Segment Start: DATA EXCERPTS

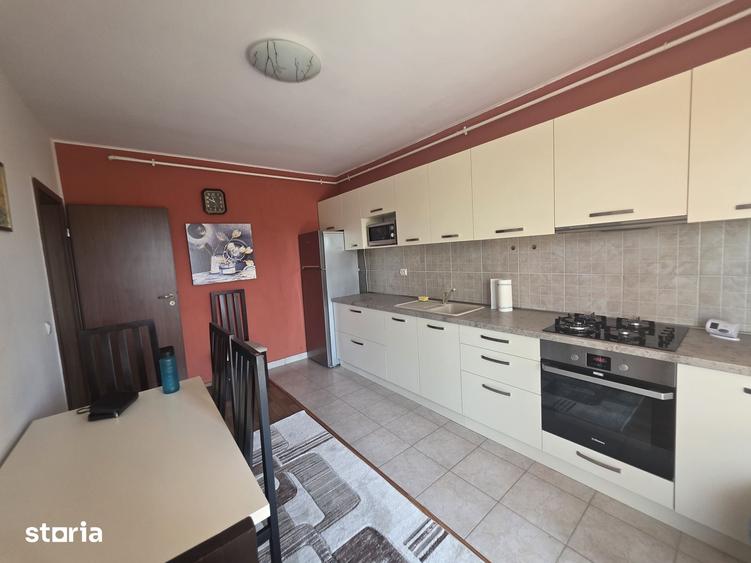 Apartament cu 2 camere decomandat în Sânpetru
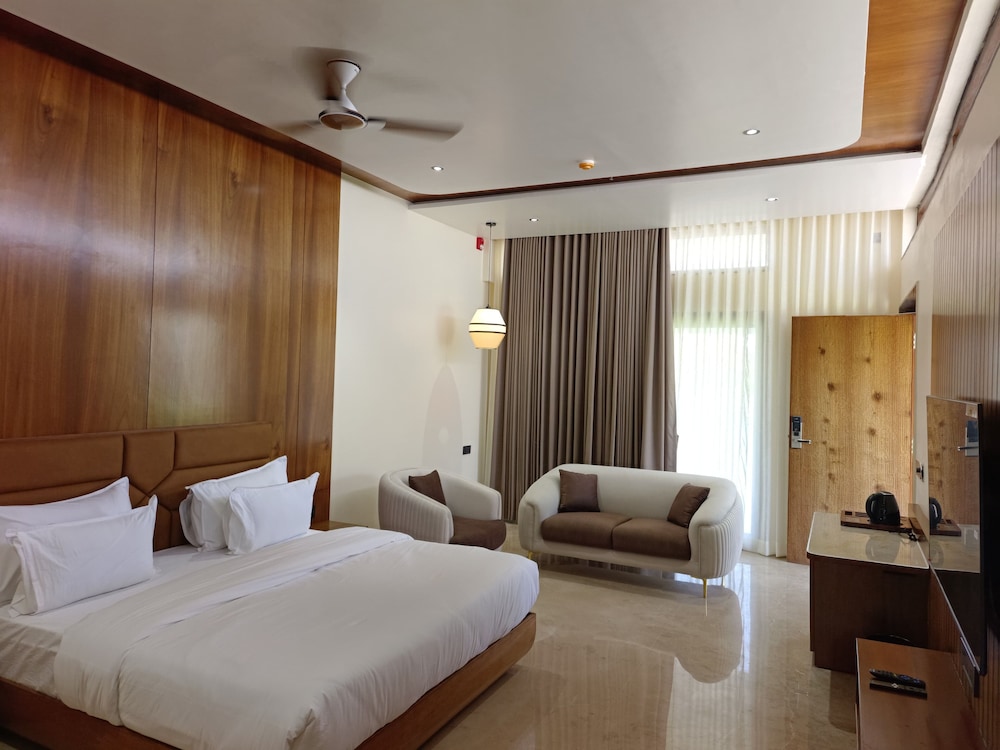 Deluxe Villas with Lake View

Segment End: DATA EXCERPTS
Segment Start: DATA EXCERPTS

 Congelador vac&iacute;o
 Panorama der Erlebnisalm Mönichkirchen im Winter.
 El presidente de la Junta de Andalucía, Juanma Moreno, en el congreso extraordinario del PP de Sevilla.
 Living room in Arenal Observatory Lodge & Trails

Segment End: DATA EXCERPTS

* **YOUR OBJECTIVE**:
Take the material above and output only the lines from the one that contains "Apartament cu 2" through the one that contains "Deluxe Villas with Lake View", ends included and images left out.

* **RESULT OF THE EXERCISE**:
 Apartament cu 2 camere decomandat în Sânpetru
 Deluxe Villas with Lake View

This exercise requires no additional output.